Population genetics of the invasive Asian bush mosquito Aedes japonicus (Diptera, Culicidae) in Germany : a re-evaluation in a time period of separate populations merging

The Asian bush mosquito Aedes japonicus, endemic to East Asia, is one of the most expansive mosquito species in the world and has as yet established in 15 countries of Europe. Within Germany, the species has been spreading tremendously during the last years, and its four once geographically isolated populations were on the verge of merging in 2017. To reveal relationships and carry-over ways between the various populations, and thus, migration and displacement routes, the genetic make-up of Ae. japonicus from ten different locations throughout its German distribution area was investigated. For this purpose, a part of the mitochondrial DNA (nad4 gene) of collected specimens was sequenced and seven loci of short tandem repeats (microsatellites) were genotyped. When related to similar genetic studies carried out between 2012 and 2015, the results suggest that admixtures had since occurred, but no complete genetic mixture of populations had taken place.
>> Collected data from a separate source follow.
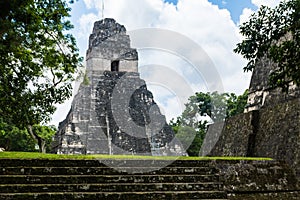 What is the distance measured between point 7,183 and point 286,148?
19.1ft

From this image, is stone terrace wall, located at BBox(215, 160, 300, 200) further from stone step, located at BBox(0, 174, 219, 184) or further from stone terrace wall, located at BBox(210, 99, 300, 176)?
A: stone terrace wall, located at BBox(210, 99, 300, 176)

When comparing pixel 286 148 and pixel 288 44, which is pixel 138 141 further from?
pixel 288 44

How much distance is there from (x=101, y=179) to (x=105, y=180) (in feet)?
0.21

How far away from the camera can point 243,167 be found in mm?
6547

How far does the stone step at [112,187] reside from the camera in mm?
5324

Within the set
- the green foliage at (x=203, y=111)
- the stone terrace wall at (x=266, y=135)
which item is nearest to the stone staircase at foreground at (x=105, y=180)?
the stone terrace wall at (x=266, y=135)

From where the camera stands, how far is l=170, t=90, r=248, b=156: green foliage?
78.7 feet

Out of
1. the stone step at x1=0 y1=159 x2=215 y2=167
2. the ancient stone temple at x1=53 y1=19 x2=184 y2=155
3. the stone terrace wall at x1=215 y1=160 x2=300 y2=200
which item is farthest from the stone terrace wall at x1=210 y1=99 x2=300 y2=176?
the ancient stone temple at x1=53 y1=19 x2=184 y2=155

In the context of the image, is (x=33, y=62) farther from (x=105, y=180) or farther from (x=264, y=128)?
(x=264, y=128)

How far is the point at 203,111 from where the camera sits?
24734 millimetres

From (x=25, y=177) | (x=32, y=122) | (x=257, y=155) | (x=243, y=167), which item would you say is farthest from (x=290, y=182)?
(x=32, y=122)

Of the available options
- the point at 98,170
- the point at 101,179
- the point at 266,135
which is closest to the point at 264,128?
the point at 266,135

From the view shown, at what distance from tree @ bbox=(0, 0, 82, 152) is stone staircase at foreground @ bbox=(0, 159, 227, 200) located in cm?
213

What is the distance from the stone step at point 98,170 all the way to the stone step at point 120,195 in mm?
593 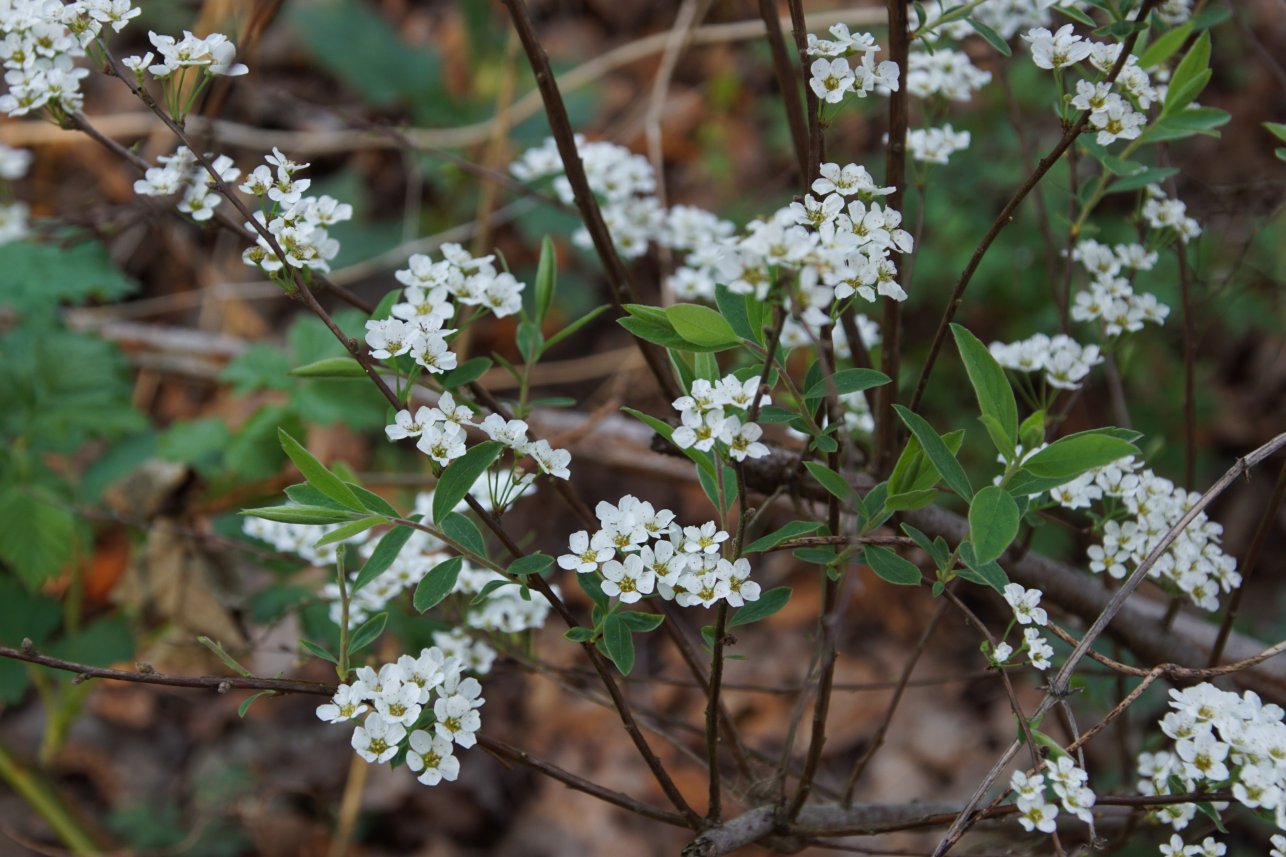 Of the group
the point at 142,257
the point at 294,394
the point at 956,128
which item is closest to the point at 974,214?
the point at 956,128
At the time of sampling for the present study, the western collection sites were still uniform in their genetic make-up; however, a carry-over of individuals from the southeastern to the northern and southwestern German populations was determined. Further introductions from abroad are possible. In summary, the genetic diversity of Ae. japonicus in Germany had grown considerably, thus increasing ecological variability and adaptability of the species. At this point (10 years after the first detection), it is not possible anymore to draw conclusions on the origins of the populations.